A ball is thrown straight upward, from a point on a roof 10 m above the ground.

Question

A ball is thrown straight upward, from a point on a roof 10 m above the ground. The ball rises, then falls and strikes the ground. The initial velocity of the ball is 58.5 m/s. Consider all quantities as positive in the upward direction. At 5.97 s later, the velocity of the ball is what? A ball is projected upward at time t = 0.0 s, from a point on a roof 90 m above the ground. The ball rises, then falls and strikes the ground. The initial velocity of the ball is 80.5 m/s. Consider all quantities as positive in the upward direction. The velocity of the ball when it is 89 m above the ground is what?

Explanation / Answer

(3)

initial velocity is in vertical direction and accelaration is -g all along.
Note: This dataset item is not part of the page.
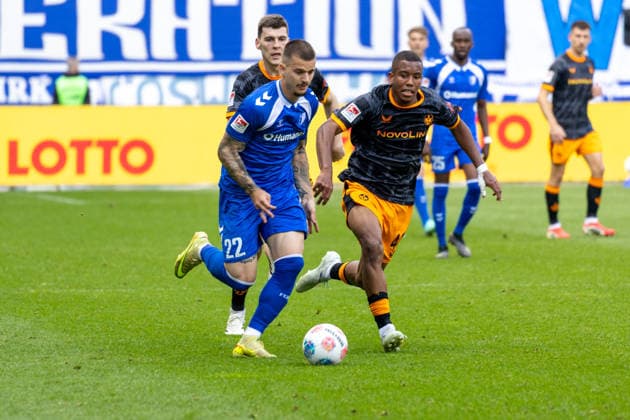 Germany 2 Bundesliga, Matchday 34, Season 2025 2026, 1 FC Magdeburg vs 1 FC Kaiserslautern Avnet Arena Magdeburg Schramm David 1 FC Kaiserslautern, 41 in duel against Zukowski Mateusz 1 FC Magdeburg, 22 Copyright: xMichellexLukax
Initial velocity , u = 58.5 m/s

Accelaration , a = -9.8 m/s2

As , v= u + at

v = 58.5 - 9.8 * 5.97

V = 0 m/s (reaches maximum height)

(4)

Initial velocity u = 80.5 m/s

When ball is 89 m above ground , displacement, S = 89 -90 = -1 m.

accelaration , a= -9.8 m/s2

Applying third equation of motion,

v2 = u2 + 2aS

v2 = (80.5)2 + 2*(-9.8)*( -1)

v2 = 6499. 85

v = -80.6 m/s (downward)

Velocity of the ball is - 80.6 m/s when it is 89 m above the ground.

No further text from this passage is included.